As próprias instituições financeiras já enxergaram na tecnologia fonte crucial de redução de custos pelo compartilhamento conjunto de dados, reduzindo gastos com replicação e compatibilização de registros e sistemas. A construção de blockchain privadas e restritas às instituições pode facilitar a transferência de informações em escala global, automatizando processos de modo mais eficiente e rápido. Nesta configuração, pode-se ainda manter uma autoridade central definindo regras e verificando as transações, com poder para reverter transações já realizadas e validadas.

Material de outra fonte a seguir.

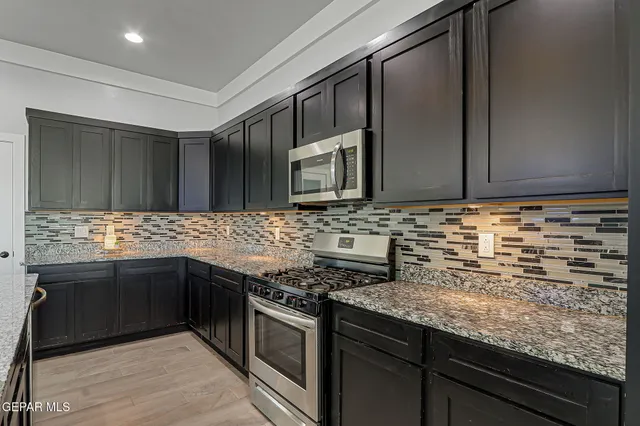 a kitchen with stainless steel appliances granite countertop a sink stove and refrigerator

A Nasdaq já utiliza uma plataforma (LINQ) construída sob uma blockchain privada para agrupar e armazenar informações das ações comercializadas.

No entanto, o poder disruptivo da blockchain não está na redução de custos em modelos de negócios tradicionais, mas na possibilidade de estruturar transações confiáveis em novas plataformas (distribuídas ou descentralizadas) em contexto de importância crescente da Internet das Coisas (IoT – Internet of Things) e da economia compartilhada (sharing economy). A IoT vislumbra elevada conectividade de todos os aparelhos e dispositivos utilizados no dia-dia, gerando um fluxo constante de informações e permitindo controle remoto e coordenado para um funcionamento mais eficiente (HUCKLE et al., 2016). A economia compartilhada baseia-se no compartilhamento de ativos com capacidade ociosa, geralmente por meio de transações diretas entre partes contratantes desconhecidas (FRENKEN & SCHOR, 2017).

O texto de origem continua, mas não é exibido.